Building a Sim for a New Game Year
- Define game piece properties — shape, mass, radius, bounce via
GamePieceConfig.Builder - Generate the field collision mesh — see below
- Configure the chassis — mass, dimensions via
ChassisConfig.Builder - Write the SimManager — initialize MapleSim + sim-core, run the sim loop, publish telemetry
- Add scoring zones — sensor geoms at scoring locations, register with
ScoringTracker - Add mechanism bridges — connect subsystem state to intake zones and launch parameters
Use RebuiltSimManager as the reference implementation.
Generating the Field Collision Mesh
The sim needs an OBJ file that defines the field’s collision surfaces (walls, ramps, hubs, etc.). We use FEDS Bot to generate a Python script that outputs the OBJ from hardcoded field dimensions. See robot/2026-rebuilt/src/main/resources/generate_field.py for the 2026 example.
The workflow:
- Write a prompt asking for a Python script to generate this year’s field collision mesh. Include field details — both manually written descriptions and references from the game manual. See the 2026 prompt as an example.

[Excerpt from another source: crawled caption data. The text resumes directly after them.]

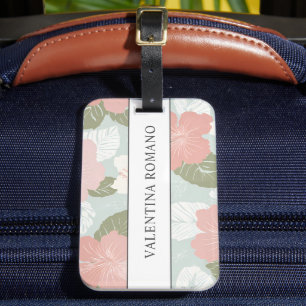 Hibiskusblüten Tropische Botanische Personalisiert Gepäckanhänger
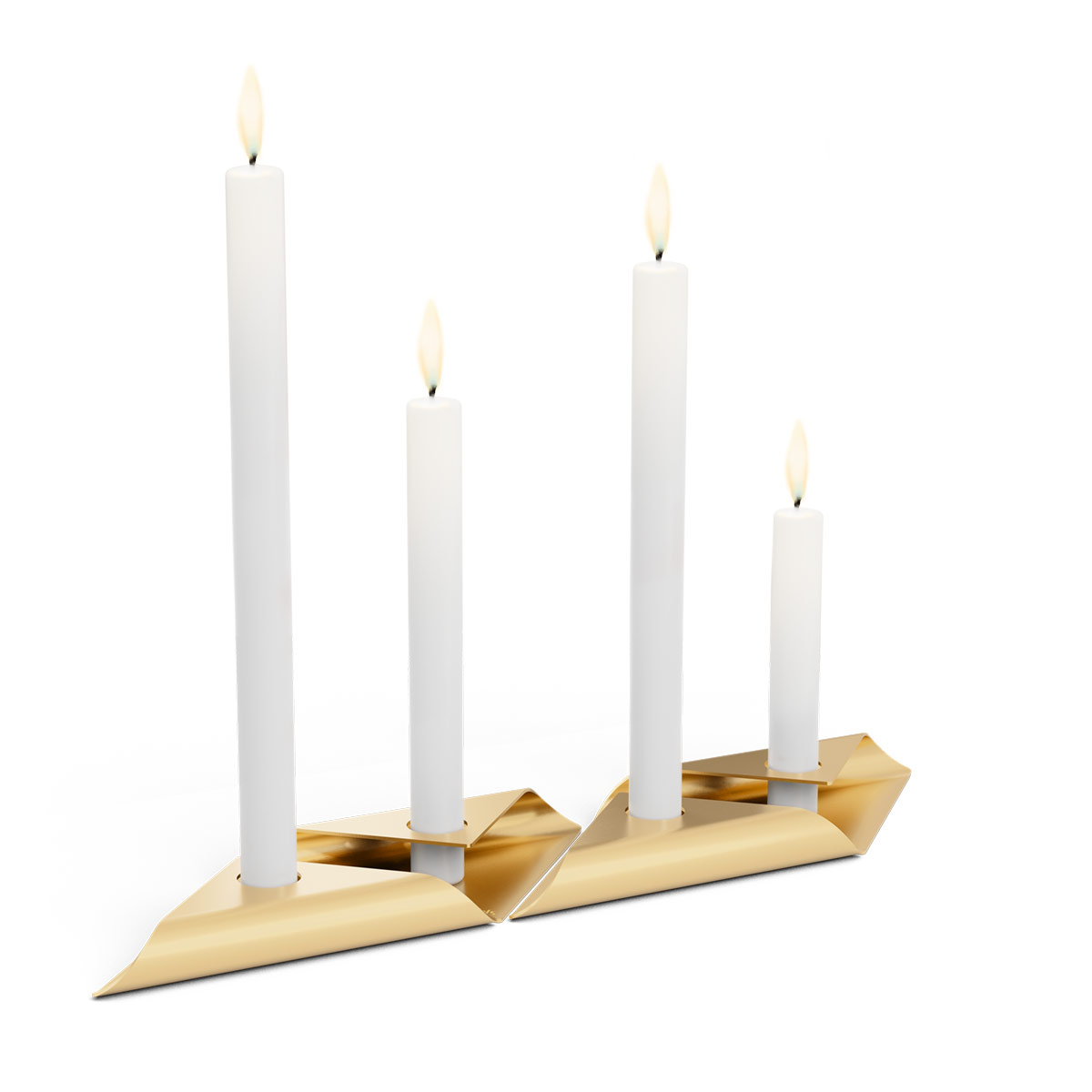 Höfats Square Candle Kerzenhalter, 4er-Set, Gold (Kerzen nicht inbegriffen)
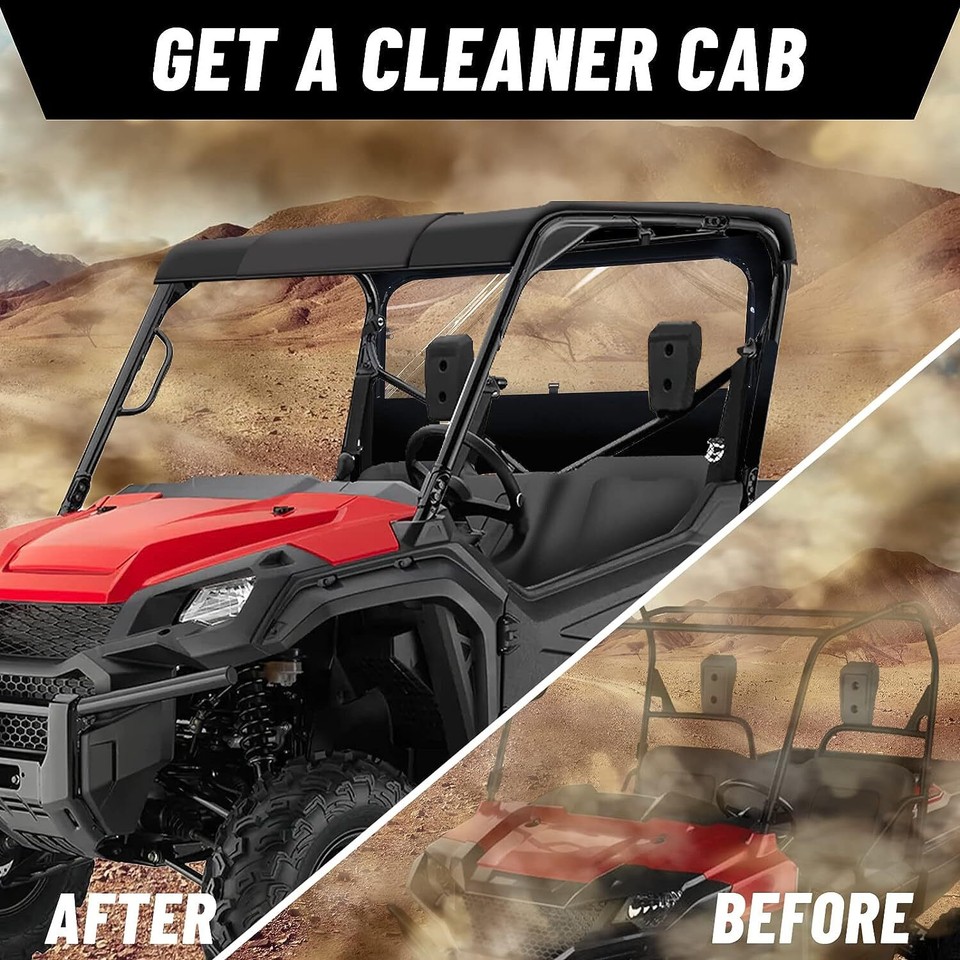 UTV Rear Window Black Fabric Rear Panel For Honda Pioneer 700 700-4 ...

- Give the prompt to FEDS Bot (make sure you’ve added the new game manual PDF to
./game-manuals/first so it has context). - Save the generated script to
robot/20XX-GAMENAME/src/main/resources/generate_field.py - Run it — it produces
field_collision.obj - Visually inspect the OBJ at 3dviewer.net , then load it in the sim and drive around in AdvantageScope — verify that obstacles line up with the visual field
- If something’s off, go back to FEDS Bot to tweak the script and repeat from step 3
Keep field OBJ meshes simple. Every triangle is a collision surface. 500 triangles is fine. 50,000 will destroy your frame rate.
Troubleshooting
Robot doesn’t move: Check that the sim GUI shows “Enabled” in “Teleop”. Make sure a controller or keyboard is connected.
Balls fall through the floor: Verify PhysicsWorld has gravity enabled and the OBJ mesh loaded without errors.
Balls tunnel through walls: Adaptive sub-stepping should prevent this. If it happens, the launch velocity may exceed the 0.1m sub-step threshold.
ClassNotFoundException: frc.sim.core.PhysicsWorld: sim-core isn’t on the classpath. In settings.gradle:
include ':sim-core'
project(':sim-core').projectDir = new File(settingsDir, '../sim-core')And in build.gradle:
implementation project(':sim-core')Slow performance: Check active piece count. Default wake radius (1.5m) should keep it under 30. Also make sure you ran the mesh simplify script.
Encoder mismatch: Check MapleSim gear ratios match the physical robot config.